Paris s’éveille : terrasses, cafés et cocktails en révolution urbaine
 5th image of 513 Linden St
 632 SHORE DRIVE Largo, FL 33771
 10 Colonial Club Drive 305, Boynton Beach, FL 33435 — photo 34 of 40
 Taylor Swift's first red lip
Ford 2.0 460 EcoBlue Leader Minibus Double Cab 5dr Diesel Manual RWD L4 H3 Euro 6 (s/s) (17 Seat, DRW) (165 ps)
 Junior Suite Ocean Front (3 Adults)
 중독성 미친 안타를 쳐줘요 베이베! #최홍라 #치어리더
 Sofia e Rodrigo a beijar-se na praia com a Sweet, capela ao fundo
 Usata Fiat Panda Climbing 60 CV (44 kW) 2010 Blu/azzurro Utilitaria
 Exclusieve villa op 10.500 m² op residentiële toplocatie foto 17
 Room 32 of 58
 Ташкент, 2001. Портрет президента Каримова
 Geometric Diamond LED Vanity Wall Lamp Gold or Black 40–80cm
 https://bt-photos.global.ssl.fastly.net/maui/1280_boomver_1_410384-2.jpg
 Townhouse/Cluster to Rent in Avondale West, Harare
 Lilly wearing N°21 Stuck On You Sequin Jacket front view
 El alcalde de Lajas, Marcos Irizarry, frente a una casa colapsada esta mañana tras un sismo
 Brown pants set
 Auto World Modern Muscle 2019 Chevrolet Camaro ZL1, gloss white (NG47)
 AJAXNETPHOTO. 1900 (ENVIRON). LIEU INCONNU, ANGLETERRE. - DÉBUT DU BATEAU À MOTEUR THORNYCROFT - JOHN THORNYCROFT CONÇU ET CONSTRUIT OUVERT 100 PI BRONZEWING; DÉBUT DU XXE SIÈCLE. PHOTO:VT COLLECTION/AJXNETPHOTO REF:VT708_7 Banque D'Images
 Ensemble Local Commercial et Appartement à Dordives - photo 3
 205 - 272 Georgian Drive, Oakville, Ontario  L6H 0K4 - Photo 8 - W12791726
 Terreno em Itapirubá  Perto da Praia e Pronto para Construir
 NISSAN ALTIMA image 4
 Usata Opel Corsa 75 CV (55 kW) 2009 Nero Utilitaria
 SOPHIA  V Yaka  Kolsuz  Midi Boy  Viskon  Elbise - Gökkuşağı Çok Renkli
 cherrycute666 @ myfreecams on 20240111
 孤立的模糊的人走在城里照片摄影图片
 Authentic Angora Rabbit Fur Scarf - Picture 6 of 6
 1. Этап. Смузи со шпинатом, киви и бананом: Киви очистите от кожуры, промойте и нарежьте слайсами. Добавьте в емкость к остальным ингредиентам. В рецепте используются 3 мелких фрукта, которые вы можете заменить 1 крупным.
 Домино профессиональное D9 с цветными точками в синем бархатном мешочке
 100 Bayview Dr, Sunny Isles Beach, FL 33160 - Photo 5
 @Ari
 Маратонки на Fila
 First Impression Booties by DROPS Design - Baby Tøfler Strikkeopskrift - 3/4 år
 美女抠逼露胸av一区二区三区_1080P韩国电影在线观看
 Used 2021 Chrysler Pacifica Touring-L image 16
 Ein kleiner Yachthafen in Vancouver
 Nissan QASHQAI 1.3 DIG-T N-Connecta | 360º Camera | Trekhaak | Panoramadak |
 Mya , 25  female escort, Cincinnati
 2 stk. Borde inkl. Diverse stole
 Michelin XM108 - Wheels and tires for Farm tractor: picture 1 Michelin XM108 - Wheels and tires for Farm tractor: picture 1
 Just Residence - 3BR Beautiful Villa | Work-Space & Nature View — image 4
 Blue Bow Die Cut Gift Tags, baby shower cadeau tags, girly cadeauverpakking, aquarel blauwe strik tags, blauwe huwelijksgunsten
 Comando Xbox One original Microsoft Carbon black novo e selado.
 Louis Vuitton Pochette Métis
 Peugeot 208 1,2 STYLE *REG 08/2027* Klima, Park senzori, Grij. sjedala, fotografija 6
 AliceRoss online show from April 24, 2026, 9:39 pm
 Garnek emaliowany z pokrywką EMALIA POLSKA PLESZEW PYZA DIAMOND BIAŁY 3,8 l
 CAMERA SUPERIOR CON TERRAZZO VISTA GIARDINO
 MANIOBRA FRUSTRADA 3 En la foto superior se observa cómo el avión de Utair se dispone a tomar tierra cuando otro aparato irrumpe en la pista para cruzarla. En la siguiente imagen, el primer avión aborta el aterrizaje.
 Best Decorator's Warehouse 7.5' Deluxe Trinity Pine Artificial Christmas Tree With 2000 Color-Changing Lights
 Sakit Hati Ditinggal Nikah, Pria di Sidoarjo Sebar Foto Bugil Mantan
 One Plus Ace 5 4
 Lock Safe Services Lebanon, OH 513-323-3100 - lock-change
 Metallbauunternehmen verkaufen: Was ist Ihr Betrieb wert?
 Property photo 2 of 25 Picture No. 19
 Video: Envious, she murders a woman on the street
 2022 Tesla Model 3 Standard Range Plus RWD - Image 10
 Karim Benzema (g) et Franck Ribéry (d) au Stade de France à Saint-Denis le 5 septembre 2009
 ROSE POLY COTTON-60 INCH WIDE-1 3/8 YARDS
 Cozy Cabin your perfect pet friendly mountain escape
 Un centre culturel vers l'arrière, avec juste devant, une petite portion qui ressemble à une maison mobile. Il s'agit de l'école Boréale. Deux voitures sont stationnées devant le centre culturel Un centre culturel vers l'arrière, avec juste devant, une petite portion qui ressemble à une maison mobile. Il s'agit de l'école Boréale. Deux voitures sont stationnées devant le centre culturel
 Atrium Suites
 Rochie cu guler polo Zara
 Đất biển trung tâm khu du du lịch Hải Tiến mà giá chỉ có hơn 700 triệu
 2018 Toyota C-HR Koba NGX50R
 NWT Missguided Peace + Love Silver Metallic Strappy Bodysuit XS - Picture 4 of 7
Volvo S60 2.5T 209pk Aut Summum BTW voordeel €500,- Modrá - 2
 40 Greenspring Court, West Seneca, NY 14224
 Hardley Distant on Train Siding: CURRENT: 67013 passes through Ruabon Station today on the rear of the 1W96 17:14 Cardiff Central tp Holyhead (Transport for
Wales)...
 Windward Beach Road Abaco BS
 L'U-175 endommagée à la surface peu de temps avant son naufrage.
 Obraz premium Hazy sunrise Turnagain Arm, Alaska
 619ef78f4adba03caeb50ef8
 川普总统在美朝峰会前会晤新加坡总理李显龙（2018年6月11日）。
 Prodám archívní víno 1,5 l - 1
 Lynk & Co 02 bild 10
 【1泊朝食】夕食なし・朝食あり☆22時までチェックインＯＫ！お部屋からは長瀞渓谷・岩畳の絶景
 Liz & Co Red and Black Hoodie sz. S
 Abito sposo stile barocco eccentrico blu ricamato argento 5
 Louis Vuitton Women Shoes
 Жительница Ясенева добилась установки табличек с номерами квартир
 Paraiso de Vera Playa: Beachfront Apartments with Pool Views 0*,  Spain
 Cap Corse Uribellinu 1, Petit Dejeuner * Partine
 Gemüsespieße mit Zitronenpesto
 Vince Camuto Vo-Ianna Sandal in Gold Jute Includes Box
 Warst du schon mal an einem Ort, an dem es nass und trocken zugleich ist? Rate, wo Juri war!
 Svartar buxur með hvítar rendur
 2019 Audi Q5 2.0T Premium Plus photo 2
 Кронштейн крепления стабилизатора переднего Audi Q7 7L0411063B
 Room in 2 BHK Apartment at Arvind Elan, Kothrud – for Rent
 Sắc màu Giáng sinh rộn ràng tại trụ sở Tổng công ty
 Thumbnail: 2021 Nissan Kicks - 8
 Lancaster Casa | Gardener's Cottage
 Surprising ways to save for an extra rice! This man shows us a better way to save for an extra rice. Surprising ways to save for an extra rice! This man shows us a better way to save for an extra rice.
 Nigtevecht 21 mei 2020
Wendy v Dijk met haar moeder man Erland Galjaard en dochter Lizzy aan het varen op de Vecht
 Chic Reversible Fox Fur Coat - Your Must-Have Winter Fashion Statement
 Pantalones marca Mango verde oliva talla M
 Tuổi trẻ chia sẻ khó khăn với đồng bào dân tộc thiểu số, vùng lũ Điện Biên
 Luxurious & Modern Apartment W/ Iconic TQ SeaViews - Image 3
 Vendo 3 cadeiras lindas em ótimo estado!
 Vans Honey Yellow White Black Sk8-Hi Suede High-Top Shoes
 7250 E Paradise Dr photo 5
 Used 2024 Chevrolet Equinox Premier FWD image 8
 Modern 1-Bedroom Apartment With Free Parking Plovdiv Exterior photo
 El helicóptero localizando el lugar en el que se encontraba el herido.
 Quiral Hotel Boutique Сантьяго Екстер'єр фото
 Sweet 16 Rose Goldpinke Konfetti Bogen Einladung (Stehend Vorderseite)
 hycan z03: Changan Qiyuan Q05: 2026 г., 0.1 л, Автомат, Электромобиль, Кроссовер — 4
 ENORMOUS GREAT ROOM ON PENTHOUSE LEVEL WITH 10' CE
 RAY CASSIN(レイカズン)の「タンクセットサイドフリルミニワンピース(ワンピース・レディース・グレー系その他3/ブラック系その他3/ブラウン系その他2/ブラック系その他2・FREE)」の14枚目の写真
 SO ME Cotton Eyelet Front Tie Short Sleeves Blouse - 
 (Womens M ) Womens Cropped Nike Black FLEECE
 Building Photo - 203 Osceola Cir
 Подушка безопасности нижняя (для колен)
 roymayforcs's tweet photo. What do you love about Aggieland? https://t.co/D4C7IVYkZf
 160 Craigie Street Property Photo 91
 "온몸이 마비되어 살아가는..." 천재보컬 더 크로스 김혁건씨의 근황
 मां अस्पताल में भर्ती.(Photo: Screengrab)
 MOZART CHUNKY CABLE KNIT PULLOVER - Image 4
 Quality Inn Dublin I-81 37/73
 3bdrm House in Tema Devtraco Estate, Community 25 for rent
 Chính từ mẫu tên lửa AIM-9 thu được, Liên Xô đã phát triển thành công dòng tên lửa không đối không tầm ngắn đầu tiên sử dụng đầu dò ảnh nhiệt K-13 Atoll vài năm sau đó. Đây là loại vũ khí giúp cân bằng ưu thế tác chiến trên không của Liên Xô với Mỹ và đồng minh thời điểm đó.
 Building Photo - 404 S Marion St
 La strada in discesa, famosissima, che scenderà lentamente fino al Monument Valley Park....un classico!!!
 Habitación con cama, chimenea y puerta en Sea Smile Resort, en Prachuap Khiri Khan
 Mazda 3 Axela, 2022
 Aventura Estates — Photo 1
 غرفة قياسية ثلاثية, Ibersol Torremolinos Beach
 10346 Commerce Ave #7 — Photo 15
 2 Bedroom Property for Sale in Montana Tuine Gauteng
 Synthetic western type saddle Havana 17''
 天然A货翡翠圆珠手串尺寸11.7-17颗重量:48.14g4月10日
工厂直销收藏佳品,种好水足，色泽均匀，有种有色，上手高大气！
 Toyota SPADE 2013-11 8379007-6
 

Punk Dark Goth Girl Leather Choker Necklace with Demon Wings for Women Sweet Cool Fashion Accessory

....

Work item: A verbatim transcription is needed of the lines above, starting at the line with "Rochie cu guler polo Zara" and ending at the line with "Lancaster Casa | Gardener's Cottage", both included, and of nothing else.

Written answer:
 Rochie cu guler polo Zara
 Đất biển trung tâm khu du du lịch Hải Tiến mà giá chỉ có hơn 700 triệu
 2018 Toyota C-HR Koba NGX50R
 NWT Missguided Peace + Love Silver Metallic Strappy Bodysuit XS - Picture 4 of 7
Volvo S60 2.5T 209pk Aut Summum BTW voordeel €500,- Modrá - 2
 40 Greenspring Court, West Seneca, NY 14224
 Hardley Distant on Train Siding: CURRENT: 67013 passes through Ruabon Station today on the rear of the 1W96 17:14 Cardiff Central tp Holyhead (Transport for
Wales)...
 Windward Beach Road Abaco BS
 L'U-175 endommagée à la surface peu de temps avant son naufrage.
 Obraz premium Hazy sunrise Turnagain Arm, Alaska
 619ef78f4adba03caeb50ef8
 川普总统在美朝峰会前会晤新加坡总理李显龙（2018年6月11日）。
 Prodám archívní víno 1,5 l - 1
 Lynk & Co 02 bild 10
 【1泊朝食】夕食なし・朝食あり☆22時までチェックインＯＫ！お部屋からは長瀞渓谷・岩畳の絶景
 Liz & Co Red and Black Hoodie sz. S
 Abito sposo stile barocco eccentrico blu ricamato argento 5
 Louis Vuitton Women Shoes
 Жительница Ясенева добилась установки табличек с номерами квартир
 Paraiso de Vera Playa: Beachfront Apartments with Pool Views 0*,  Spain
 Cap Corse Uribellinu 1, Petit Dejeuner * Partine
 Gemüsespieße mit Zitronenpesto
 Vince Camuto Vo-Ianna Sandal in Gold Jute Includes Box
 Warst du schon mal an einem Ort, an dem es nass und trocken zugleich ist? Rate, wo Juri war!
 Svartar buxur með hvítar rendur
 2019 Audi Q5 2.0T Premium Plus photo 2
 Кронштейн крепления стабилизатора переднего Audi Q7 7L0411063B
 Room in 2 BHK Apartment at Arvind Elan, Kothrud – for Rent
 Sắc màu Giáng sinh rộn ràng tại trụ sở Tổng công ty
 Thumbnail: 2021 Nissan Kicks - 8
 Lancaster Casa | Gardener's Cottage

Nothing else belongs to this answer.